Wissenschaft: Der Bundestagsabgeordnete Falko Mohrs soll neuer Minister für Wissenschaft und Kultur werden. Damit wandert das Haus von CDU- in SPD-Hand. Der Diplomkaufmann sitzt seit 2017 im Deutschen Bundestag. Sein Vater Klaus Mohrs war über viele Jahre Oberbürgermeister der Stadt Wolfsburg. Mit 38 Jahren wird er zu den jüngeren Ministern im neuen Kabinett zählen.
Umwelt: Christian Meyer von den Grünen soll wie von 2013 bis 2017 erneut Minister werden – nun allerdings im Umwelt- statt im Landwirtschaftsressort. Meyer bildete mit Hamburg das Grünen-Spitzenduo zur Landtagswahl. Im Wahlkampf trat er aber deutlich weniger in Erscheinung. Der 47-Jährige sitzt seit 2008 im Landtag.
Landwirtschaft: Das Agrarministerium soll von der CDU zu den Grünen wechseln. Miriam Staudte ist als Nachfolgerin von Barbara Otte-Kinast vorgesehen. Staudte sitzt seit 2008 im Landtag. Zuletzt war sie Fraktionssprecherin für Landwirtschaft, Ernährung, Atompolitik, Tierschutz, Forst, Jagd und Fischerei. Die 46-Jährige kommt aus Schleswig-Holstein und hat zwei Kinder.

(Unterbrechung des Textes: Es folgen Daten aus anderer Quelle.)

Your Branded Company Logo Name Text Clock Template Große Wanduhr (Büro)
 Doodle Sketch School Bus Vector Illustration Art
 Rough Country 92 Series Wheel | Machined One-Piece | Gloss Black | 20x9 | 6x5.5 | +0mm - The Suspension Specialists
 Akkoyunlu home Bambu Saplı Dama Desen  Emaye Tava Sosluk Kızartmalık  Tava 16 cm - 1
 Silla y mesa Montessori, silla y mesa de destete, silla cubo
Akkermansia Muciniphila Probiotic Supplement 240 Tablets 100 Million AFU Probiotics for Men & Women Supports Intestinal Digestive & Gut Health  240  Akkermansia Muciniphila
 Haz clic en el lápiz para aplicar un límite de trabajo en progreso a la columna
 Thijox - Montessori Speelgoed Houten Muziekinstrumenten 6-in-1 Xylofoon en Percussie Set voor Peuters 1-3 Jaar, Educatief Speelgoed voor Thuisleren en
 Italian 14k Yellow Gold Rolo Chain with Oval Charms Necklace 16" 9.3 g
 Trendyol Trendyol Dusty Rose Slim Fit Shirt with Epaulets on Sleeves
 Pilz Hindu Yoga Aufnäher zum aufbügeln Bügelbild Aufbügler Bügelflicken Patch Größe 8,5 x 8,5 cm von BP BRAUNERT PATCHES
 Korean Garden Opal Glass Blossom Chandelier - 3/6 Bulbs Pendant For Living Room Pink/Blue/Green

Justiz: Dieses Ressort soll von der CDU zur SPD wandern. Die designierte Ministerin Kathrin Wahlmann (45) saß bereits von 2013 bis 2017 im Landtag. Sie ist Richterin, studierte Rechtswissenschaften in Münster und Paris und absolvierte das erste und zweite juristische Staatsexamen. Sie ist verheiratet und hat zwei Töchter.
Europa: Das Ministerium für Bundes- und Europaangelegenheiten und regionale Entwicklung soll bei der SPD bleiben, aber mit einem neuen Gesicht besetzt werden. Wiebke Osigus soll auf Birgit Honé folgen. Die 41 Jahre alte Rechtsanwältin kommt aus Aurich in Ostfriesland. CDU und FDP hätten dieses Ministerium gerne abgeschafft.
Am Montag hatten Niedersachsens SPD und Grüne in Hannover ihren Koalitionsvertrag unterschrieben. Für die SPD unterschrieben Regierungschef Weil sowie der neue Fraktionsvorsitzende Grant Hendrik Tonne das Papier, für die Grünen die Spitzenkandidatin Julia Willie Hamburg sowie die beiden Landesvorsitzenden Anne Kura und Hans-Joachim Janßen.
Am Wochenende hatten Sonderparteitage von SPD und Grünen jeweils mit breiter Mehrheit für den Koalitionsvertrag gestimmt.